Understanding the Taylor Expansion is crucial for grasping the foundation of many numerical methods. In simple terms, the Taylor Expansion is a way of expressing a function as an infinite sum of terms. These terms are calculated from the values of the function's derivatives at a single point. The general form of a Taylor series expansion for a function around a point 'a' is given by:
\[ f(x) = f(a) + f'(a)(x-a) + \frac{1}{2}f''(a)(x-a)^2 + \cdots + \frac{f^{(n)}(a)}{n!}(x-a)^n + R_n(x)\],where \( R_n(x) \) is the remainder term that accounts for the error in the approximation when using a finite number of terms. When we apply this concept to derive a third-order method for solving equations, we essentially use a truncated Taylor series with three terms plus the remainder, and seek a value that sets this approximation to zero, thus finding a root of the original function.

Quadratic Equation

At the heart of the problem lies the ubiquitous quadratic equation, a fundamental expression that can be written in the general form \( ax^2 + bx + c = 0 \), where 'a', 'b', and 'c' represent constants.
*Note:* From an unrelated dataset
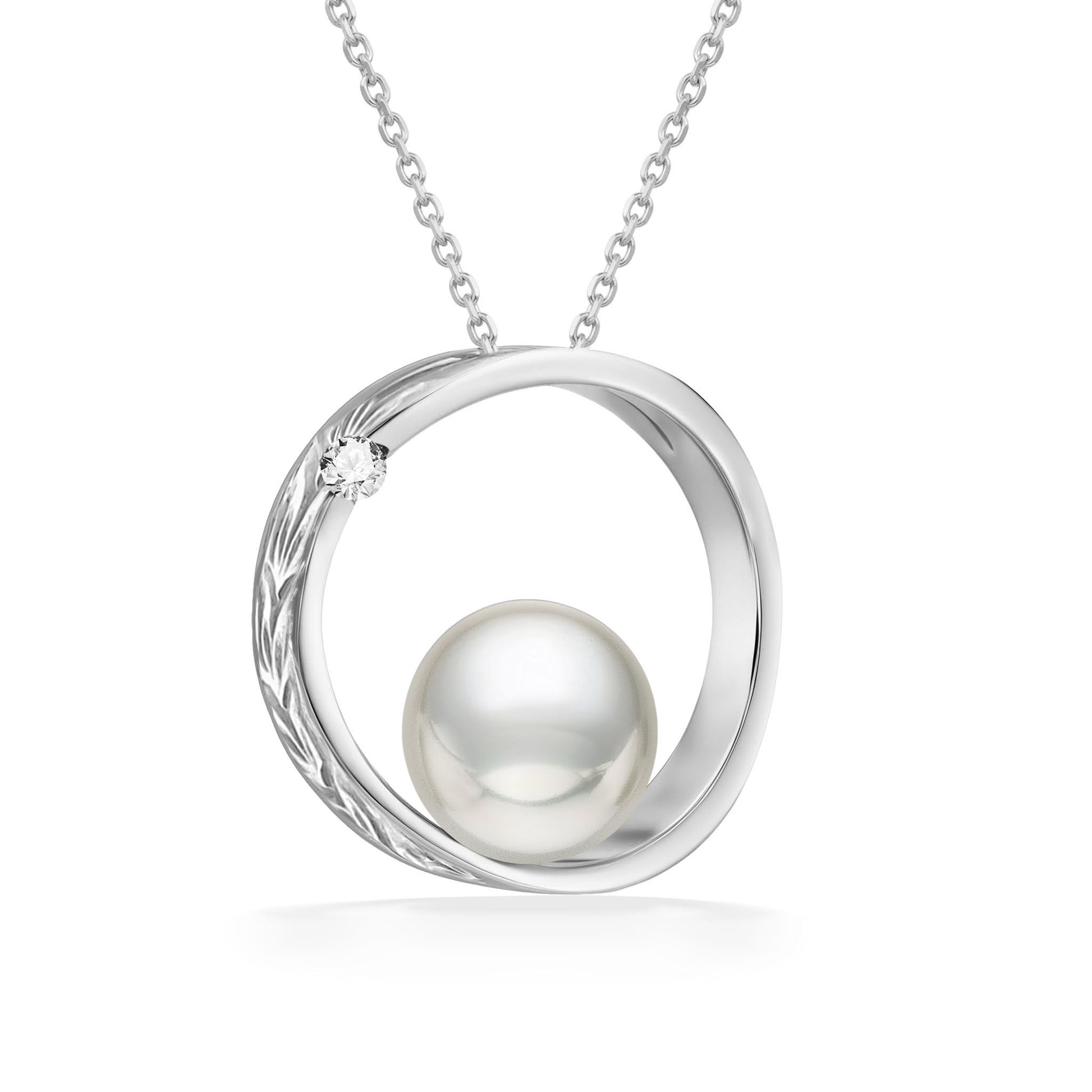 Polished white gold scroll design surrounds a 7mm white Akoya pearl, finished with a 0.02 carat diamond. Item No. 43163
The solutions to this equation, known as roots, determine the points at which the quadratic function intersects the x-axis when plotted on a graph. In the context of deriving a third-order method for equation solving, we encounter a quadratic equation when setting the Taylor expansion equal to zero. We solve this quadratic equation to obtain two possible solutions for the next approximation of the root. The ability to efficiently solve quadratic equations is integral to progressing towards higher-order numerical methods, offering insight into the nature of polynomial functions.

Order of Convergence

The Order of Convergence is a concept in numerical analysis that measures the speed at which an iterative method approaches its limit, in our case, the root of a function. Specifically, if the sequence \( \{ x_n \} \) converges to a number 'L' and if positive constants \( \lambda \) and 'p' exist such that \[ \lim_{n \to \infty} \frac{|x_{n+1} - L|}{|x_n - L|^p} = \lambda \],then 'p' is called the order of convergence. For example, a method with cubic convergence, like the third-order method we're discussing, indicates that the error is reduced by a factor of the error at the previous step raised to the third power with each iteration. This is substantially faster than quadratic convergence, where the factor would be the square of the previous error. Understanding this concept helps in analyzing and comparing the efficiency of different iterative methods.

Iterative Methods

Iterative Methods are algorithms for solving complex equations where the exact solution is difficult to obtain. Their approach involves creating a sequence of approximations that converge to the true solution over time. It begins with an initial guess and improves it with each iteration, guided by certain rules or equations derived from the problem's mathematical properties. The third-order method described in our exercise is an iterative method that refines the solution by considering up to the second derivative of the function. Iterative methods, like the one detailed in the step-by-step solution, can vary in complexity and computational cost, often balancing the sophistication of the technique with practical considerations such as processing time and available computational resources.